As we face up to these immense challenges, we have one huge advantage. Unlike in previous economic crises, we have an ANC Government, which fully shares our concerns and is committed by its manifesto to the same policies, which we have put forward.
The Minister of Economic Development is from our ranks! We must ensure that the mandate of the Ministry remain a place where all government policies are coordinated from. If we succeed against active campaigning by some, then this will be a massive breakthrough for the left.
We call on all South Africans to stand together to weather the economic storm and we call on government to ensure that appropriate changes are advocated at global level to make sure that the deep-seated inequalities and lack of regulation in the global economy are rectified so that the world that emerges from the crisis is one founded on social justice, fair labour standards in all countries, equitable development and decent work for working women and men across the world.
The elections and the post election processes have also demonstrated the alliance’s resilience. The Alliance has never been this strong! We are enjoying a spell of unity, cohesion and high degrees of common purpose. The challenge is how we will keep this unity strong in the light of the challenges ahead.

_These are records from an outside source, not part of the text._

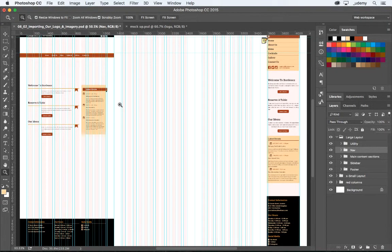Before we start this video, be sure to download the latest Photoshop file of our mockup. At this point, we've drawn all of our graphical shapes and colored them based on our custom color swatches. We've added all our text and created paragraph and character styles to make formatting easier. We've also added all our icon fonts and organized our layers panel, so our file is easy to navigate.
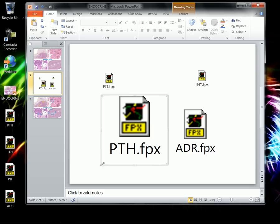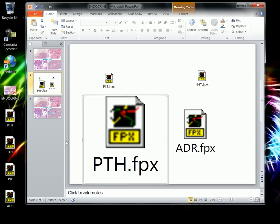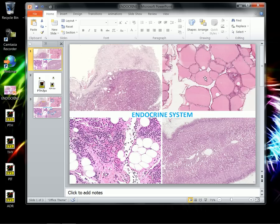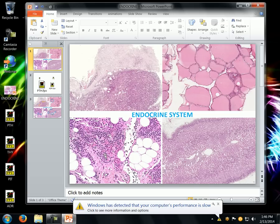So in your first PowerPoint, you have actually captured static images of pituitary and the thyroid and the parathyroid and the adrenal. But what you can do now is actually take those slides that you've created and click on them.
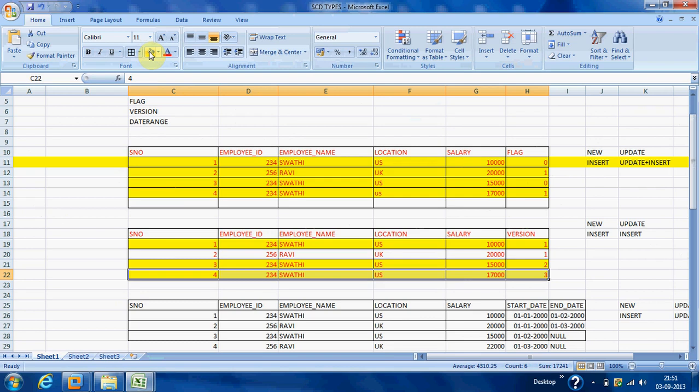For new records we give version value 1. For existing records with changes, we give an incremental version value — each time taking the maximum version and adding plus 1. There are no updates in the table; there is no update strategy, because we are using incremental version values only.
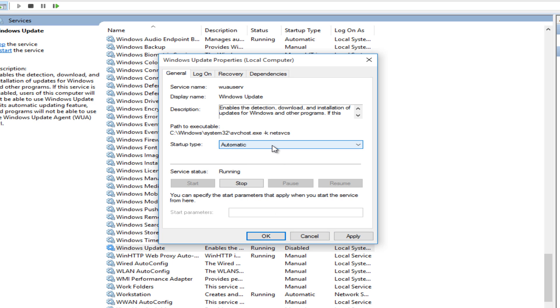So that shows you how to disable automatic updating. If you like the video please give it a like and I will see you in the next tutorial. Bye.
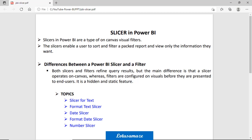Hi guys, this is Anas Sharma and in this session we will discuss the slicer in Power BI.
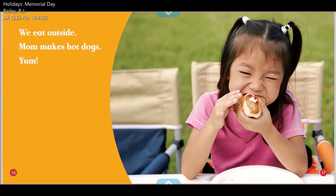We eat outside. Mom makes hot dogs. Yum!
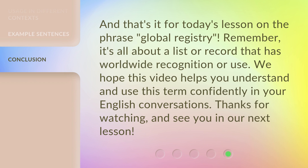And that's it for today's lesson on the phrase 'global registry.' Remember, it's all about a list or record that has worldwide recognition or use. We hope this video helps you understand and use this term confidently in your English conversations. Thanks for watching, and see you in our next lesson.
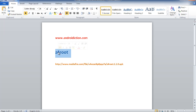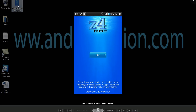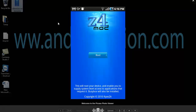So just download this app from the market, and then when you open it you'll be presented with a screen similar to this one. What you have to do is simply click the root button and that's it. You'll be rooted. Your device will have root access. Simple as that.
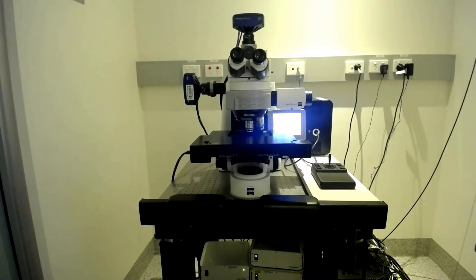This is an upright microscope where we have a motorised stage, two cameras and an LED light source as well as the Apotome 2 module from Zeiss.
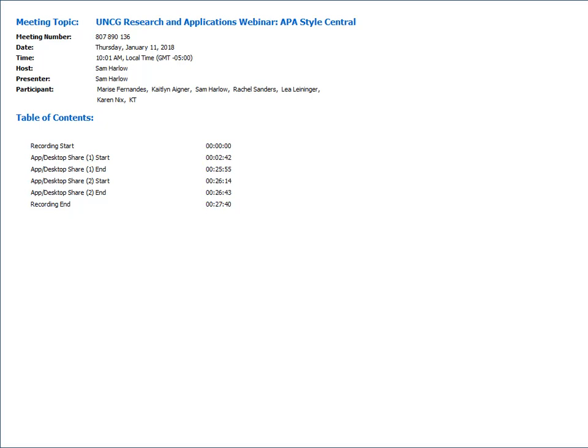This session is on APA Style Central. This webinar is being presented by Leah Lininger, the UNCG health science librarian, as well as Karen Gregg, the science librarian. In this session we are going to learn about APA Style Central, an online guide to the writing style from the American Psychological Association. We are going to see tutorials, sample papers, and more.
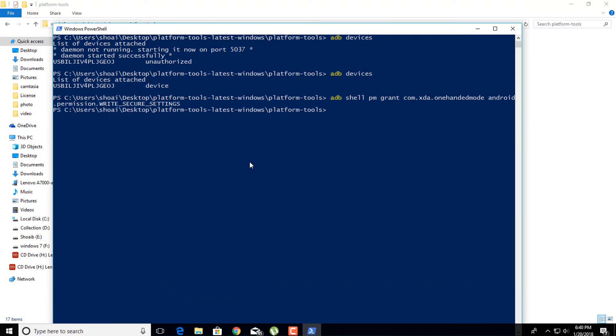After entering that command, if you didn't see any error, that means one-handed mode is successfully installed in your device.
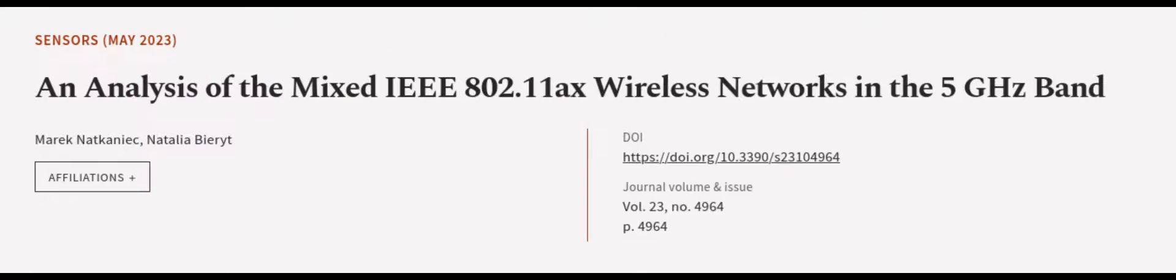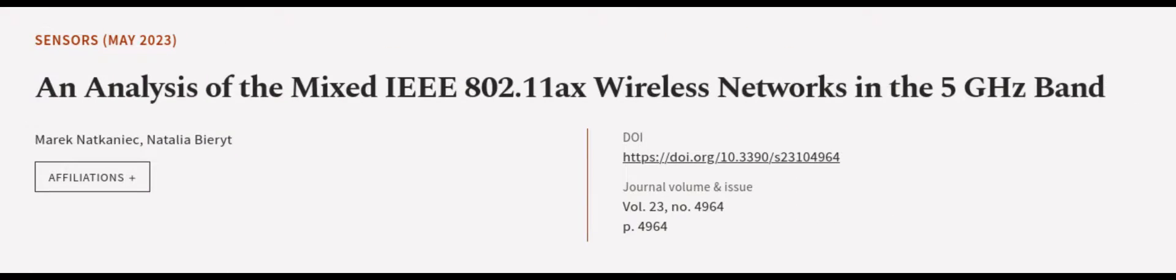Overall, this paper provides valuable insights into the performance of mixed IEEE 802.11ax networks. This article was authored by Merrick Nakiniak and Natalia Birrett.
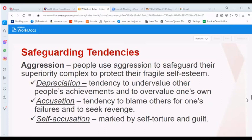Under deprecation, people tend to see others' achievements as undervalued while overvaluing their own factors and achievements. Also under aggression is accusation — the tendency to blame others for one's own failures and to seek revenge.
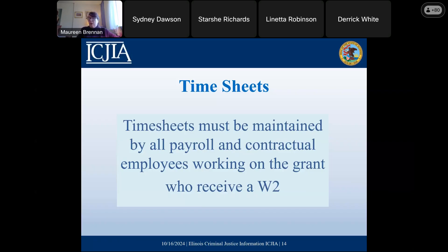If staff receive a 1099, they're considered contractors or vendors, and you get to determine whether timesheets are necessary for them. For our purposes, timesheets are required for any staff member who receives a W-2 and is charged to the agreement. There have been some smaller agencies where a small share of the agency executive director is charged as a direct expense on the grant — the executive director will have to keep a timesheet as well. All of these time records that we require our grantees to maintain, we have to do the same thing at the authority.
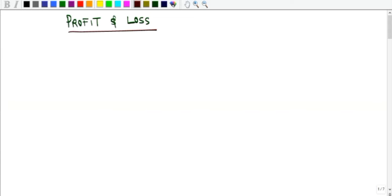Welcome to this YouTube channel. In this video, we want to consider the concept of profit and loss — how to find the profit of a transaction or whether the transaction ended in a loss, and what the amount of that loss is.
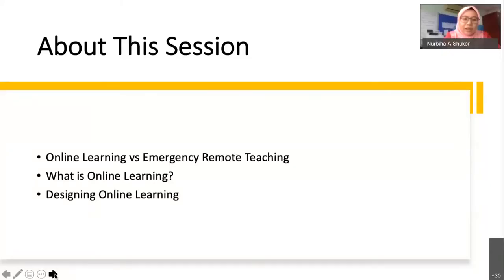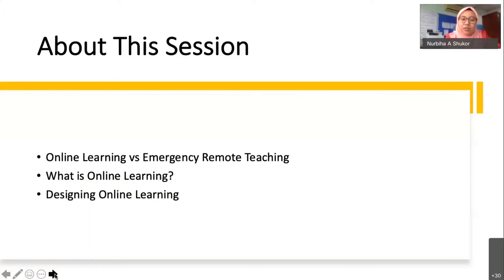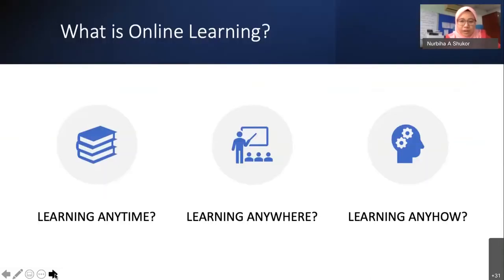I will briefly cover online learning versus emergency remote teaching, because it's very important to first understand what online learning is before we go in depth about designing or planning it. If you talk about online learning, what usually comes across in our mind is that it enables learning anytime, anywhere, and anyhow. However, these three terminologies don't really reflect what online learning is — they are only the properties or what online learning can do.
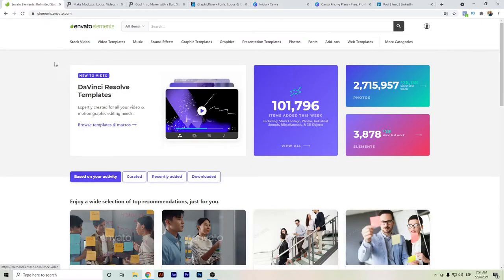Starting with Envato Elements — I have already talked about it in other videos — this is a really good tool and platform where you can find thousands of files that you can use for different types of digital projects.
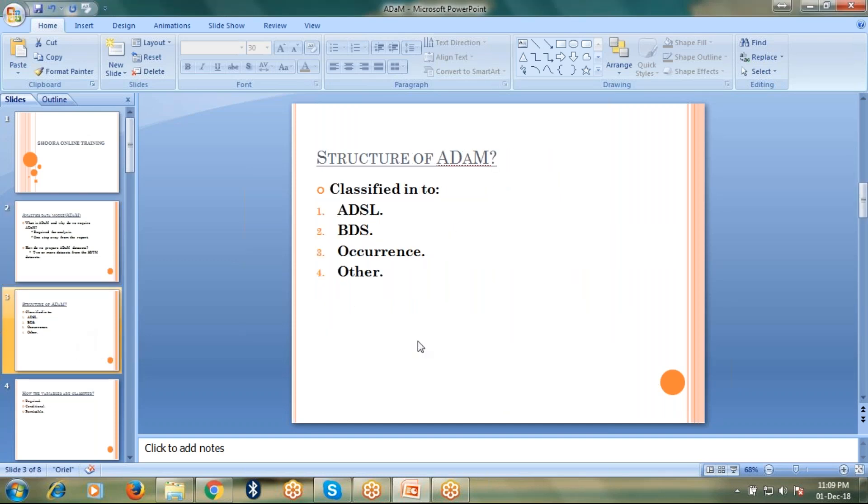Let's talk about the structure of ADAM. ADAM has been classified into ADSL, BDS, occurrence and other.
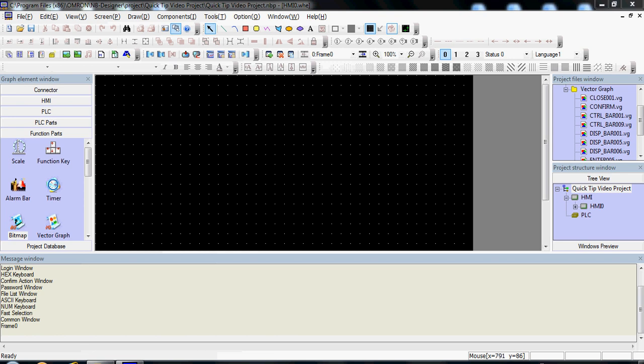First, you will add a new graphic to your project files window, then create a bitmap image on your screen.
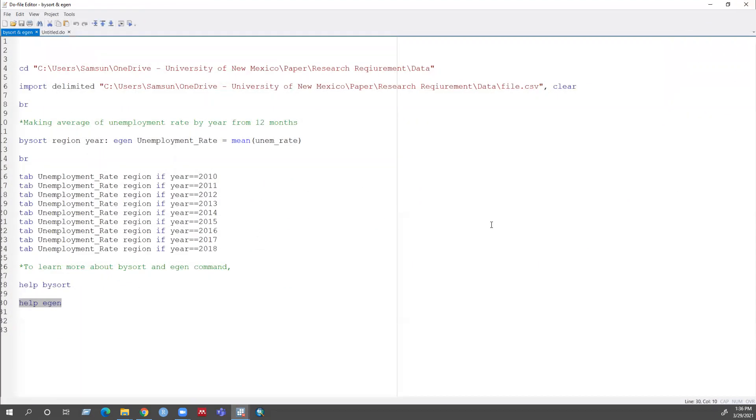I think this video might be helpful for you guys to create a new variable by using by sort and egen command. Thank you for watching. Bye.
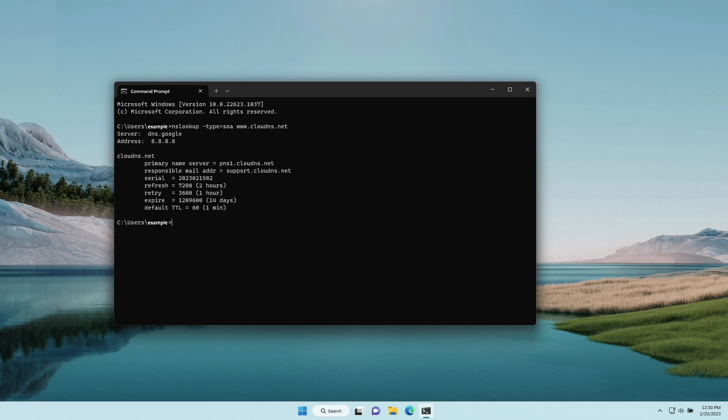You will get an answer from the authoritative server with the TTL. Note that you can change the record type and look it up for A, AAAA, MX, or another type.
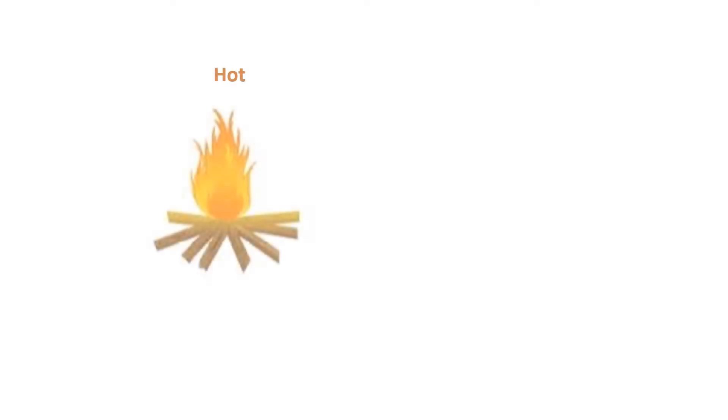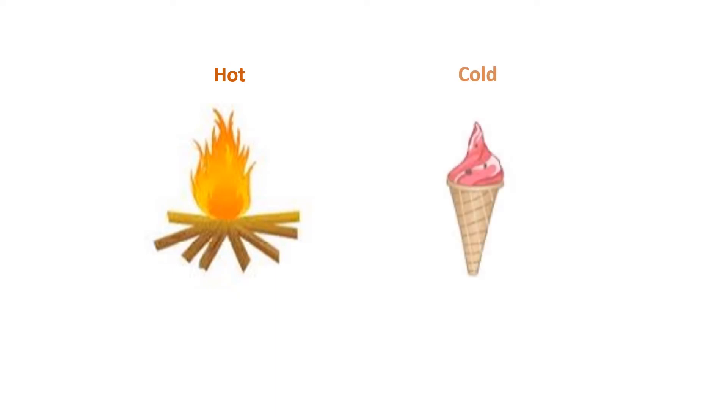we will learn about hot and cold. In the first picture, what is this? This is fire. Fire is hot. In the second picture, what is this? This is ice cream. Ice cream is cold. Next,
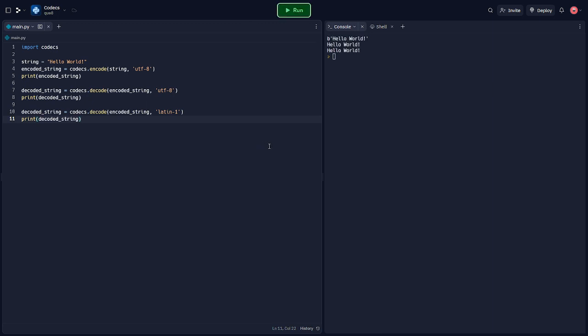Here, we're trying to decode the bytes using the latin1 encoding. Since the original string was encoded in UTF-8, this will not return the correct string.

But unless we remain vigilant and strong and walk through the doors we have opened, all the victories and gains will be picked from the floor by others.
The biggest mistake we could make is to sit back and leave government alone to solve the problems. COSATU, and the NUM, must work side-by-side with our ministers and make sure they keep on track. We must continue being the conscience of our democracy and spokesperson of the downtrodden. We need to provide leadership not only to our members – but also to the people as a whole.
To do this we have to get our own house in order. The 2015 Plan enjoins us to recruit more members, improve service to members, strengthening our workplace struggles and sharpen our weapons to engage with workplace transformation.
We have not driven the recruitment campaign, as we should have done. The OD was not driven uniformly. Whilst some unions have consistently looked at how they improve their systems a number has done very little. Service to members has not tremendously improved.
Too many workers complain about the inability of some of our shop stewards, organisers and union structures to defend them. The current wildcat strike involving public sector doctors is the warning that workers can leave the unions behind and steam ahead in the processes to find new champions to advance their interests.
At the same time we must keep the ANC united, vibrant and strong. The damage to its unity and cohesion is testified by the existence of COPE.
Now that the elections are over we must deal with both organisational and political problems we have identified. The ANC has to challenge the crisis in the Western Cape and help unite that province. Solving other problems elsewhere in particular in the North West cannot be postponed.
We must confront some of the underlying problems that compound these problems. The biggest is the new culture that has taken over a significant number of our leaders and cadres – crass materialism – this big rush to be rich through whatever means possible, highlighted recently by the R1 million Mercedes offered to, but thankfully rejected by, Transport Minister Sbu Ndebele.
The origin of this culture lies in the system of capitalism itself, the biggest corruptor of human kind. It manifests itself in the use of patronage, abuse of state power and institutions, corruption, factionalism, backstabbing, personal hatred of comrades by others. This tradition is not limited to the ANC. It exists in COSATU and elsewhere. We must confront it before it consumes our organisations and leaves them a shadow of their former selves. If we fail, so will our revolution move off the rails.
I wish you a very successful Congress and many years of growth and success.